Fue en 2019, durante un viaje de veinte días por Tokio, cuando experimenté por primera vez esa sensación visceral. Mi amigo y yo nos hospedamos cerca de Shibuya, a escasos minutos de su famoso cruce, ese cruce peatonal que se ha convertido en símbolo del frenesí urbano moderno. Pero bastaba caminar cinco minutos en cualquier dirección para encontrarse en otro mundo completamente distinto: callejuelas tranquilas y sinuosas, con establecimientos diminutos apretados unos contra otros, cada uno con su propia personalidad, cada uno contando su propia historia.
Estos callejones, conocidos como yokocho, surgieron de las cenizas de la Segunda Guerra Mundial como mercados negros donde los vendedores ofrecían de todo en una economía informal masiva. Lo que alguna vez fue un espacio de supervivencia se ha transformado en el corazón palpitante de la vida nocturna tokyoita, con lugares emblemáticos como el Golden Gai de Shinjuku, que comprime doscientos setenta microbares en una sola manzana.

Bar Alpaca. Golden Gai. Shinjuku. 2029. Emergent Tokyo. Jorge Almazán + StudioLab.
La decisión del gobierno de posguerra de no criminalizar a estos operadores del mercado negro, sino de reconocerlos como pequeños empresarios y otorgarles derechos de propiedad sobre puestos construidos especialmente para ellos, sentó las bases de lo que hoy conocemos como la cultura yokocho. Fue una apuesta por la economía desde abajo, por el surgimiento espontáneo, por reconocer que a veces la mejor planificación urbana es saber cuándo no planificar.
En uno de esos bares, sentado en un taburete junto a cinco desconocidos que rápidamente dejaron de serlo, entendí algo que no se puede capturar en ninguna fotografía de Instagram ni en ningún artículo de arquitectura: la intimidad forzada de estos espacios crea algo mágico. No hay manera de permanecer anónimo en un bar de seis asientos donde el propietario está a medio metro de distancia y puede ver tu expresión cuando pruebas su especialidad de la casa. No hay forma de evitar la conversación con quien está a tu lado cuando literalmente tus codos se tocan.
La serie Cantina de Medianoche, actualmente en Netflix, captura magistralmente esta atmósfera: historias cotidianas que se tejen noche a noche en torno a una barra donde el maestro y sus clientes habituales crean una micro-comunidad. No es ficción exagerada, es un retrato fiel de lo que ocurre en miles de estos espacios cada noche.

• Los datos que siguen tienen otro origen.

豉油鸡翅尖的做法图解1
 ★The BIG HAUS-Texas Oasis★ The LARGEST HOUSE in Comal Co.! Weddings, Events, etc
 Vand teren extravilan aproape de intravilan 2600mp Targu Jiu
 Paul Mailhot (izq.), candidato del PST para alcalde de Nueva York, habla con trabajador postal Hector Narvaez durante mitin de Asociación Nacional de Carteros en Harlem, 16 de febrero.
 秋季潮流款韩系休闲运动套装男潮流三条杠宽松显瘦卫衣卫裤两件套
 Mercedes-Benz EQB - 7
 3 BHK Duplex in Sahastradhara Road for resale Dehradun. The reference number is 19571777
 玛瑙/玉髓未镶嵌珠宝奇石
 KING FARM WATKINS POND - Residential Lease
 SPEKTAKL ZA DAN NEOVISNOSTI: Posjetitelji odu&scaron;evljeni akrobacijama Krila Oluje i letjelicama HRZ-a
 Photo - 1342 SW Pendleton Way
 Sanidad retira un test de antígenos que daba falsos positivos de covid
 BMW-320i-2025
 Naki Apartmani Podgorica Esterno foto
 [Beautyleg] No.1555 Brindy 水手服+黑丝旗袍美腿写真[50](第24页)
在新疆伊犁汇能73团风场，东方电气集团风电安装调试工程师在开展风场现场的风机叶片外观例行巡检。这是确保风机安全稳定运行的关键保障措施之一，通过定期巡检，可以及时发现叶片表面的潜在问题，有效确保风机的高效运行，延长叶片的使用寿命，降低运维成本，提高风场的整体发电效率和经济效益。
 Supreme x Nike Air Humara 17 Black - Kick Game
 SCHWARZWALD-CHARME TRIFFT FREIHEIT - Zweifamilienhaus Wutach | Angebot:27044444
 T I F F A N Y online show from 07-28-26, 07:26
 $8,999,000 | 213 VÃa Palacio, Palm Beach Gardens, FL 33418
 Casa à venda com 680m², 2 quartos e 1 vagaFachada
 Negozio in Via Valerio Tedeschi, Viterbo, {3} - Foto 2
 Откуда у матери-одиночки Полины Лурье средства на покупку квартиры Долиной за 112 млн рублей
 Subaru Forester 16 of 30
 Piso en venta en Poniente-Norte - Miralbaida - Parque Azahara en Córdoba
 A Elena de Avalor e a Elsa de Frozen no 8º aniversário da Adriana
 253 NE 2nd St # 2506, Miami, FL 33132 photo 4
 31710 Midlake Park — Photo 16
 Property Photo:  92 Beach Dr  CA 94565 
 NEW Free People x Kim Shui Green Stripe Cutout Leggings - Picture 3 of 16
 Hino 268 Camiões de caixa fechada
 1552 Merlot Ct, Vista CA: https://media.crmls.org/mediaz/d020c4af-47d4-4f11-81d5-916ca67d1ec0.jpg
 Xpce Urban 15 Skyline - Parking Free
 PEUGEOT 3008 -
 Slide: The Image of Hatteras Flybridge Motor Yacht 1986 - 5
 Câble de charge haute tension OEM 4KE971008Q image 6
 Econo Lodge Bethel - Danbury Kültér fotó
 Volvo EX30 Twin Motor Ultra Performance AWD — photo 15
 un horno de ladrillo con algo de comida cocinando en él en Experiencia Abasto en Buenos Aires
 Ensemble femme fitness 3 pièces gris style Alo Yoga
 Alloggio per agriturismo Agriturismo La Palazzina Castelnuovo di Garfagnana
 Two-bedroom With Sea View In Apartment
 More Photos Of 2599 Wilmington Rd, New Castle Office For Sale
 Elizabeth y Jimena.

El tamaño reducido de estos lugares fomenta la interacción social, rompiendo la formalidad que a menudo se asocia con los espacios urbanos más grandes. Esto contrasta radicalmente con la cultura de exclusividad que predomina en ciudades como Berlín o Nueva York, donde el cordón de terciopelo define el estatus. En Tokio, la dinámica es diferente: se trata de aclimatarse, de leer el ambiente, de entender sutilmente si un lugar te da la bienvenida.

Bar Alpaca. Axonométrica. 8 asientos en 8 metros cuadrados.
Hay una cultura de clientes habituales que va más allá del simple reconocimiento. Los bares se decoran con las pequeñas baratijas que los regulares traen de sus viajes, convirtiendo cada establecimiento en una suerte de museo colectivo de las vidas que se cruzan allí. Es una simbiosis delicada donde el propietario debe equilibrar la gratitud genuina con su propio gusto estético cuando recibe un regalo horroroso pero cargado de afecto.
Tokio tiene aproximadamente cinco veces el número de restaurantes que la ciudad de Nueva York, per cápita. Dependiendo de cómo se cuente, en realidad es más de diez veces. Esta escala masiva no es producto de corporaciones multinacionales replicando fórmulas exitosas, sino de miles de propietarios individuales persiguiendo sus propias visiones, sus propios sueños, sus propias estéticas.
Conocí la historia de una mujer que dejó el mundo de las finanzas para abrir un pequeño bar en la capital de Japón. El costo total para ponerlo en marcha fue de aproximadamente mil seiscientos dólares estadounidenses. Eso incluía todo: permisos, decoración con algo de bricolaje, y el inventario inicial de licores y suministros. Para cualquiera familiarizado con la industria de bares y restaurantes en América Latina o Estados Unidos, esa cifra resulta casi fantástica. Pero es posible gracias a un ecosistema que ha sido diseñado —o más bien, que ha evolucionado— para reducir sistemáticamente las barreras de entrada.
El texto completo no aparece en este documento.